| EXERCISE INPUTS |
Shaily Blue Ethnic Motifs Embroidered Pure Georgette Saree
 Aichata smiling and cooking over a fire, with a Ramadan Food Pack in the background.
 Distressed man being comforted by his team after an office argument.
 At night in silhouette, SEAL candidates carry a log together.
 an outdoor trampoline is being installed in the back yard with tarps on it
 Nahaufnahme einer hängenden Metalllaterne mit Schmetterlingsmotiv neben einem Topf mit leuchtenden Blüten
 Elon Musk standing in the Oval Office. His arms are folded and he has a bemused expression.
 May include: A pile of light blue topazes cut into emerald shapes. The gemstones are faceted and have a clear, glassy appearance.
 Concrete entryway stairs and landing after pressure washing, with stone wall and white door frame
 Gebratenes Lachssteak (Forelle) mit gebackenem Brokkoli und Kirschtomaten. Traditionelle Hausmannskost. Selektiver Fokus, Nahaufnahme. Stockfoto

| PROBLEM DESCRIPTION |
Both ends count here. Reproduce exactly the lines from the one containing "Aichata smiling and" through the end of the listing.

| EXPECTED OUTPUT |
 Aichata smiling and cooking over a fire, with a Ramadan Food Pack in the background.
 Distressed man being comforted by his team after an office argument.
 At night in silhouette, SEAL candidates carry a log together.
 an outdoor trampoline is being installed in the back yard with tarps on it
 Nahaufnahme einer hängenden Metalllaterne mit Schmetterlingsmotiv neben einem Topf mit leuchtenden Blüten
 Elon Musk standing in the Oval Office. His arms are folded and he has a bemused expression.
 May include: A pile of light blue topazes cut into emerald shapes. The gemstones are faceted and have a clear, glassy appearance.
 Concrete entryway stairs and landing after pressure washing, with stone wall and white door frame
 Gebratenes Lachssteak (Forelle) mit gebackenem Brokkoli und Kirschtomaten. Traditionelle Hausmannskost. Selektiver Fokus, Nahaufnahme. Stockfoto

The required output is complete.